Downlink Non-Orthogonal Multiple Access (NOMA) in Poisson Networks (1803.07866v2)

Abstract: A network model is considered where Poisson distributed base stations transmit to $N$ power-domain non-orthogonal multiple access (NOMA) users (UEs) each {that employ successive interference cancellation (SIC) for decoding}. We propose three models for the clustering of NOMA UEs and consider two different ordering techniques for the NOMA UEs: mean signal power-based and instantaneous signal-to-intercell-interference-and-noise-ratio-based. For each technique, we present a signal-to-interference-and-noise ratio analysis for the coverage of the typical UE. We plot the rate region for the two-user case and show that neither ordering technique is consistently superior to the other. We propose two efficient algorithms for finding a feasible resource allocation that maximize the cell sum rate $\mathcal{R}{\rm tot}$, for general $N$, constrained to: 1) a minimum throughput $\mathcal{T}$ for each UE, 2) identical throughput for all UEs.
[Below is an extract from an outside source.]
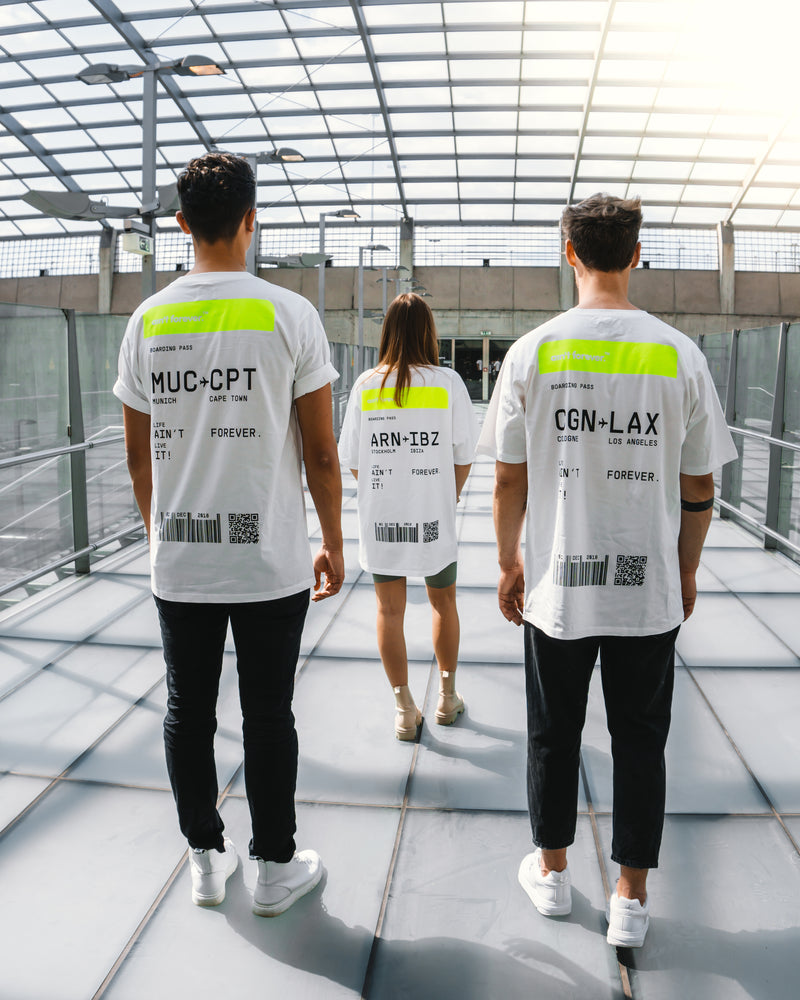 REGULAR FIT: NEON BOARDING PASS T-SHIRT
We show the existence of: 1) an optimum $N$ that maximizes the constrained $\mathcal{R}{\rm tot}$ given a set of network parameters, 2) a critical SIC level necessary for NOMA to outperform orthogonal multiple access. The results highlight the importance in choosing the network parameters $N$, the constraints, and the ordering technique to balance the $\mathcal{R}_{\rm tot}$ and fairness requirements. We also show that interference-aware UE clustering can significantly improve performance.